Exercise requirements: Each record is to be given again without alteration.

Recorded data:
== Segment start ==

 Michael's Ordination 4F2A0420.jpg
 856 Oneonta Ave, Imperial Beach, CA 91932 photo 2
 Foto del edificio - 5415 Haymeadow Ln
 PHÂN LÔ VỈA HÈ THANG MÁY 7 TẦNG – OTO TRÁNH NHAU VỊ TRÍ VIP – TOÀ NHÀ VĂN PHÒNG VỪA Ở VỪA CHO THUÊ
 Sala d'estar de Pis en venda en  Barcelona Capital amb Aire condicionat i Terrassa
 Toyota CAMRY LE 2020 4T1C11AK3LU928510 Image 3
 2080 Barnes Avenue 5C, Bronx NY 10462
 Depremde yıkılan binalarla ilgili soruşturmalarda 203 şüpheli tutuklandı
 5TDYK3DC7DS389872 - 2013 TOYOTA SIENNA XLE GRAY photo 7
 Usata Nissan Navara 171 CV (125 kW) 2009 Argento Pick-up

== Segment end ==

Answer section:
 Michael's Ordination 4F2A0420.jpg
 856 Oneonta Ave, Imperial Beach, CA 91932 photo 2
 Foto del edificio - 5415 Haymeadow Ln
 PHÂN LÔ VỈA HÈ THANG MÁY 7 TẦNG – OTO TRÁNH NHAU VỊ TRÍ VIP – TOÀ NHÀ VĂN PHÒNG VỪA Ở VỪA CHO THUÊ
 Sala d'estar de Pis en venda en  Barcelona Capital amb Aire condicionat i Terrassa
 Toyota CAMRY LE 2020 4T1C11AK3LU928510 Image 3
 2080 Barnes Avenue 5C, Bronx NY 10462
 Depremde yıkılan binalarla ilgili soruşturmalarda 203 şüpheli tutuklandı
 5TDYK3DC7DS389872 - 2013 TOYOTA SIENNA XLE GRAY photo 7
 Usata Nissan Navara 171 CV (125 kW) 2009 Argento Pick-up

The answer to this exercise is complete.